Promoting Green Financing amongst SMEs

Speakers

Summary

This question concerns the tracking of green financing take-up rates among SMEs and government strategies to increase accessibility, as raised by Ms He Ting Ru. Senior Minister Tharman Shanmugaratnam responded that while MAS does not currently track specific SME data, it is promoting simplified lending frameworks with standardized criteria to remove the need for customized external reviews. He also announced the upcoming Green and Sustainability-Linked Loan Grant Scheme, which will help SMEs defray the costs of verifying sustainability targets and green activities. These initiatives aim to mainstream sustainable finance by anchoring relevant capabilities in Singapore and reducing financial hurdles for local companies. By streamlining processes and providing targeted financial support, the government intends to facilitate broader adoption of green financing across the SME sector.

Transcript

104 Ms He Ting Ru asked the Prime Minister (a) whether the Government tracks the take-up rate of green financing loans and products for SMEs; and (b) what are the plans to make green financing more accessible to SMEs.

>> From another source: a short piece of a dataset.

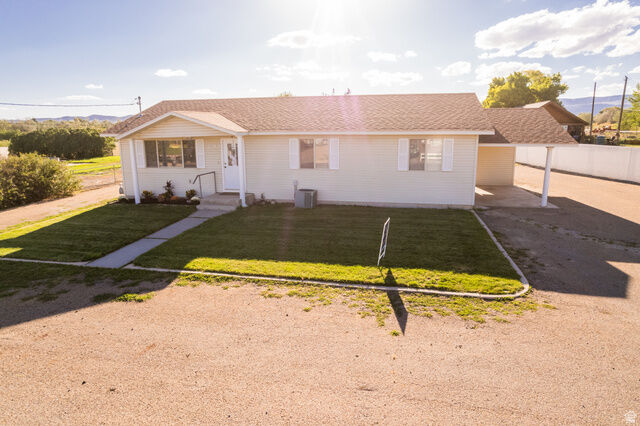 Property Photo:  899 N 500 W  UT 84078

Mr Tharman Shanmugaratnam (for the Prime Minister): Green and sustainable financing flows are growing strongly in Singapore. From 2019 till the first half of this year, approximately SGD 4.8 billion of green and sustainability bonds were issued in Singapore. Singapore corporates also borrowed SGD 10.2 billion through green and sustainability-linked loans1 in the same period. While green and sustainable financing has nearly tripled from 2018 volumes2, we are still at an early stage of this journey, as is the case internationally. The green share of total loan and bond transactions3 in Singapore remains modest at less than 5%, reflecting the significant opportunity for growth.

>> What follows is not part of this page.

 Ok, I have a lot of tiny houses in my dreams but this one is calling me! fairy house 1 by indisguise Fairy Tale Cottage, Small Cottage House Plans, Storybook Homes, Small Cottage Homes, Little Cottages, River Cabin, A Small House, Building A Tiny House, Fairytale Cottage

MAS does not have data on SMEs' take-up of green and sustainability-linked loans. But we do know that Singapore-based banks have been stepping up on such lending. Notable examples include a SGD 27 million ten-year sustainability-linked loan structured by DBS to Chew’s Agriculture in 2019; and a SGD 14 million green loan from UOB to LYS Energy Group, a home-grown independent solar power producer, earlier this year.

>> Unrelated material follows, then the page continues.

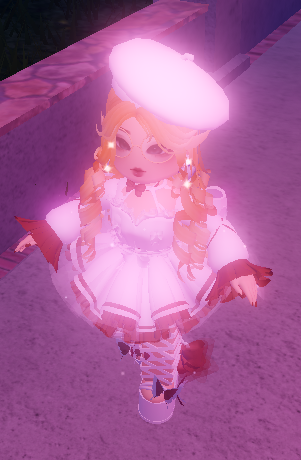 Tw1lightShAdow's tweet photo. My avatar's feet are just moving on its own- Royale High's walking animation be like really weird these days- I hope they can fix this problem soon. #royalehighbug #royalehigh #royalehighglitch https://t.co/tr353xMav7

We are taking further steps to promote green and sustainability-linked loans to SMEs. One possible solution is to develop lending frameworks that provide simplified processes and set out clear standardised criteria for borrowers. With these frameworks, there would be no need to engage external reviewers to develop, verify and maintain customised green finance frameworks for each borrower. HSBC’s Green Loan Framework for SMEs, which was launched in Singapore in March 2020, is a promising start and MAS will encourage more lenders to develop such frameworks.

MAS will also help borrowers defray the cost of customised green and sustainability-linked loans. Later this year, MAS will launch a Green and Sustainability-Linked Loan Grant Scheme which will be open to SMEs and other corporates4. This grant will defray the cost of obtaining independent external reviews to demonstrate that sustainability targets are material, and to verify that the loan proceeds will be channeled to green and sustainable activities.

As green and sustainable finance activities grow in Singapore, the anchoring of relevant capabilities here will help to bring such loans into the mainstream while encouraging more SMEs to adopt green and sustainability financing.